Acabam de acontecer as eleições autárquicas. As competências e a intervenção dos municípios em matéria de educação têm vindo a aumentar não só no pré-escolar e no 1.º ciclo, mas noutros níveis de ensino. As autarquias assumem agora um papel de crucial importância nas políticas de proximidade da educação e na provisão de recursos para os alunos e para as suas famílias.
Nem todas as autarquias estarão capazmente apetrechadas para este ambicioso papel educativo: muitas delas têm pelouros da educação diluídos entre outras competências e equipas muito reduzidas de pessoas que possam apoiar capazmente o desenvolvimento e a dinamização de políticas educativas ao nível local. Isto já para não falar na questão orçamental: embrenhadas em compromissos e em gastos de pessoal as autarquias despendem com a educação uma verba inferior aquela que, em percentagem, o Orçamento do Estado destina à educação nacional. A título de exemplo, a autarquia em que eu sou eleitor dedica 3% do seu orçamento à educação. Gostaria de chamar a atenção, para problemas que foram, muitas vezes, identificados durante a campanha e que agora é tempo de encontrar soluções.
O primeiro problema é o dos transportes escolares. Hoje em dia devido à forma como o tecido habitacional e a rede escolar se sobrepõem, é fácil constatar que não pode haver escola pública capaz, escola pública “para todos” se não houver uma política de transportes que permita aos alunos frequentar a escola.
Uma escola pública que dependa de transportes privados não é verdadeiramente pública. Os exemplos são conhecidos: escolas sem acesso a transportes públicos ou com transportes públicos que “organizam” os horários letivos. Sabemos da complexidade deste assunto mas existem boas práticas de contratualização com as empresas de transporte de serviços que podem permitir uma efetiva frequência da escola.
Uma segunda questão é a das Áreas de Enriquecimento Curricular(AEC). As AEC são um elemento central na construção de uma escola de qualidade na medida em que permitem o funcionamento da escola em tempo integral favorecendo a criação de espaços de apoio aos alunos e de maior enriquecimento do seu currículo. O financiamento das AEC é proveniente do poder central mas existem áreas em que as autarquias devem intervir. Antes de mais na sua viabilização (assegurando a sua efectivação quando a oferta não é suficiente nem confiável), depois no seu enriquecimento (por exemplo celebrando protocolos entre os serviços da autarquia e as escolas) e por fim na sua qualidade assegurando recrutamento e remunerações dignas para os profissionais que trabalham nas AEC.
Cabe dizer que é gritantemente injusto que um docente seja pago diferentemente conforme trabalha nas AEC ou nas disciplinas curriculares.

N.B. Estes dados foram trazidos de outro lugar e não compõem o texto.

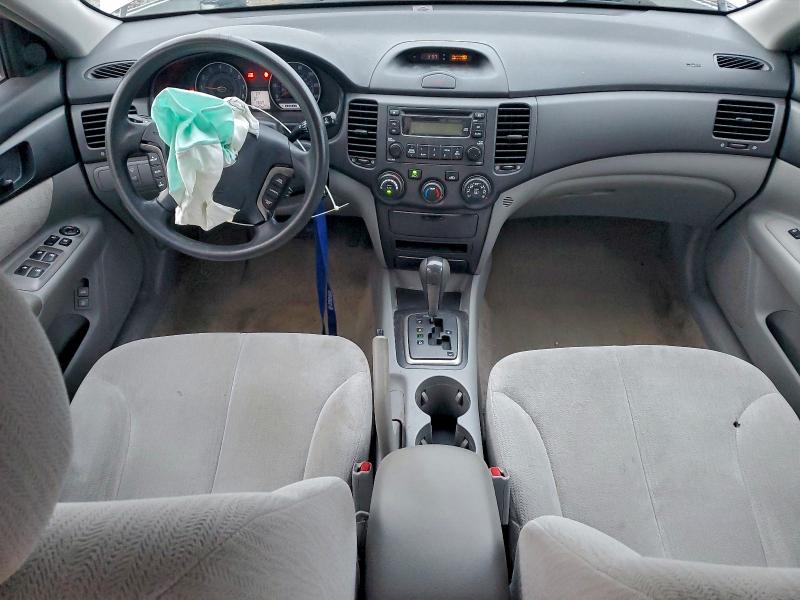 Photo 8 from auction – 2006 KIA OPTIMA LX with VIN KNAGE124265017137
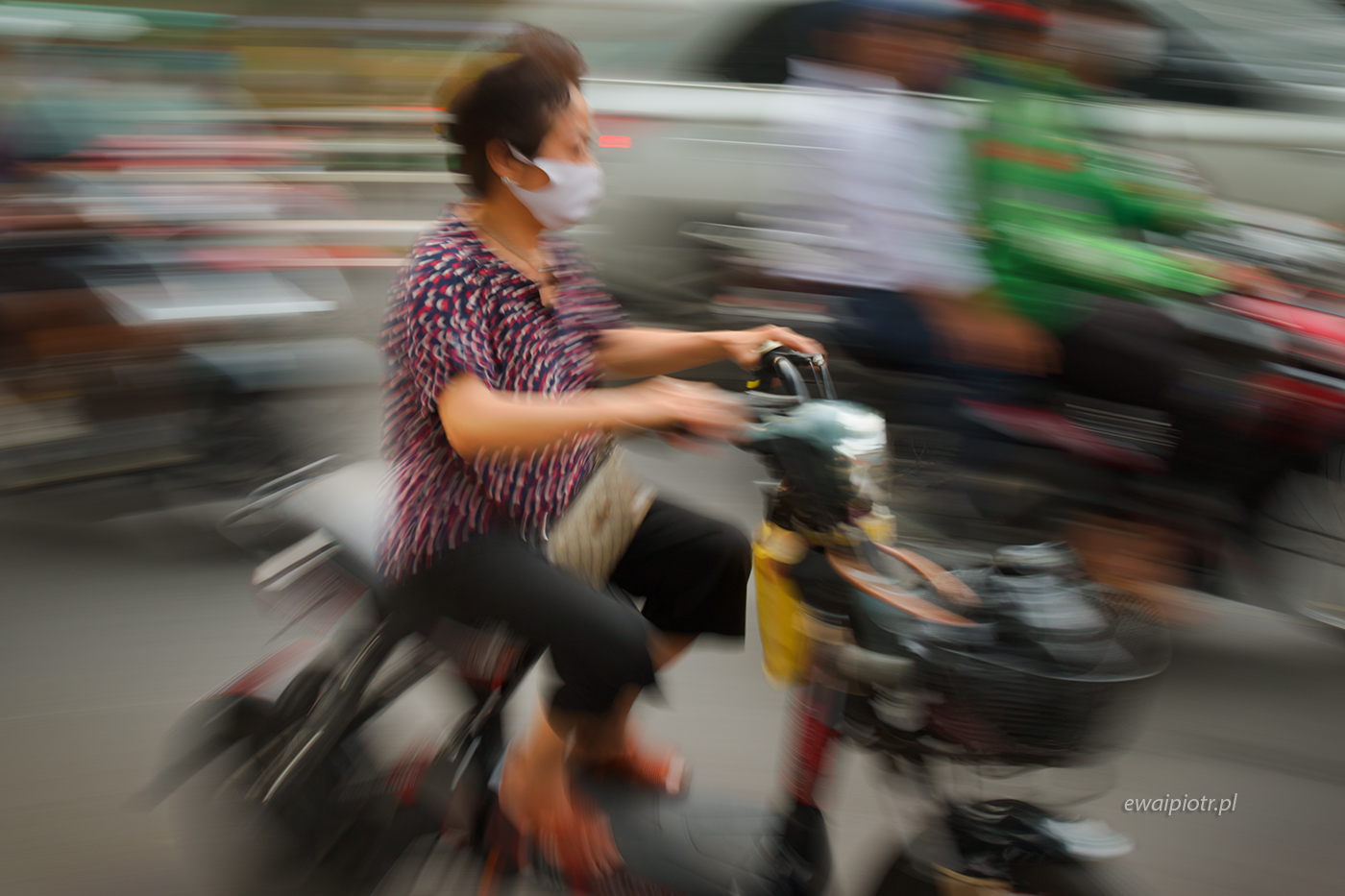 Sajgon w Hanoi, Wietnam, panoramowanie, ruch uliczny, kobieta na mocyklu, warsztaty fotograficzne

As AEC não são educação? Não são currículo? Pagar seis euros à hora para leccionar aulas de AEC é a mesma coisa que anunciar a inutilidade destas áreas. Com este desinvestimento não é de estranhar que seja encarada como “natural” a falta de preparação dos docentes das AEC’s por exemplo para incluir alunos com Necessidades Educativas Especiais (NEE). Gostaria de relembrar aos novos autarcas o seu compromisso com as AEC durante os quatro anos do seu mandato.
Por fim a questão dos alunos com NEE. Estes alunos podem precisar de serviços suplementares para a sua educação. Ao contrário do que muitas vezes se pratica, estes alunos não precisam de menos educação: precisam de mais serviços de educação. Diminuir os serviços de educação a estes alunos seria como seguir uma terapêutica de redução de água a uma planta desidratada.
As autarquias podem cooperar com as escolas para suprir serviços que não são prestados, suprir necessidades de transporte adaptado, enfim permitir através da contratualização de serviços que os alunos com NEE tenham acesso à escola, às visitas de estudo e às oportunidades que a escola oferece aos seus alunos.
Gostaria de desejar aos autarcas que se vão ocupar da educação nos seus municípios um mandato ativo e cheio de sucessos. E sobretudo que nunca percam o rumo de onde queremos chegar. Por vezes até contra a evidência é preciso e possível articular, coordenar, conversar e encontrar consensos a favor de uma escola que seja efetivamente pública, efetivaremte para todos e obviamente de qualidade. Como aquela que queremos para os nossos filhos.
David Rodrigues
Professor Universitário e presidente da Pró-Inclusão – Associação Nacional de Docentes de Educação Especial.